Olivier : Carrément ! On avait des ventilateurs sur scène, c'était magnifique !
Sam : Ça, c'est une consécration ! (rires)
Damien : J'avoue, c'est-à-dire que pour une fois ce n'était pas nous qui les avions emmenés !
Olivier : Non mais on n'en emporte pas parce qu'avec les cheveux longs ça fait tout de suite Steve Veil (rires)
Simon : Heureusement qu’il est là !
Olivier : Voilà : un mot, une blague !
Sam : Je pense que c'était vraiment une chance de jouer si tôt, parce qu'au départ c'est normal quand tu ouvres la journée, tu te dis que ça va être compliqué. Mais là au final avec la chaleur, même pour nous, au niveau de ce qu'on a pu donner c'était le mieux. Je pense que je ne pourrais pas jouer là en ce moment. Enfin, si, mais je tombe.
Simon : Jouer sous 30 degrés c'était cool, parce que là.... (l'interview avait lieu en plein après-midi, le mercure montait beaucoup plus haut que pour le set, ndlr)
Votre set m’a surpris ! C’était super intéressant d'ouvrir sur "Olympe", alors qu’on s’attend souvent à du lourd dès le départ, genre une attaque sur “In Cold Blood”. Vous auriez ajouté quoi comme morceaux si vous aviez plus de 30 minutes de set ?
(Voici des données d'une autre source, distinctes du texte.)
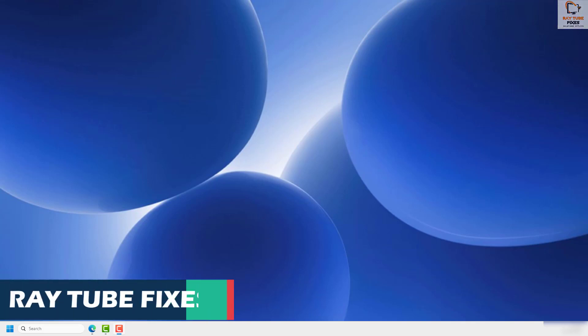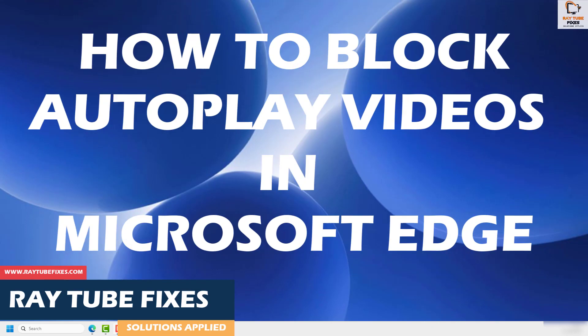Good day everyone, you're watching Ray Tube Fixes. In this video, I'm going to talk about how to block autoplay videos in Microsoft Edge.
Aurélien : Hmmmm, "Les Corps Flottants" je pense.
Olivier : On aurait peut-être gardé le set du Post In Paris.
Sam : Oui, parce qu'en fait c'était plus ou moins le même set, avec deux morceaux supplémentaires. On aurait probablement joué ce set là, peut-être pas dans le même ordre parce qu'on aurait voulu un truc spécial pour ici, mais on serait resté sur un set assez solide et stable. Parce que c'est pas le moment de faire des essais en fait !
Olivier : Même si "Olympe" c'est un peu un essai, puisque la première fois qu'on l'a jouée en public c'était au Post In Paris ! Et on s'en est... sortis (rires). Donc là c'était une deuxième, sur un morceau qu'on a n’a pas encore pu user dans nos caves favorites. Mais ça s’est bien passé.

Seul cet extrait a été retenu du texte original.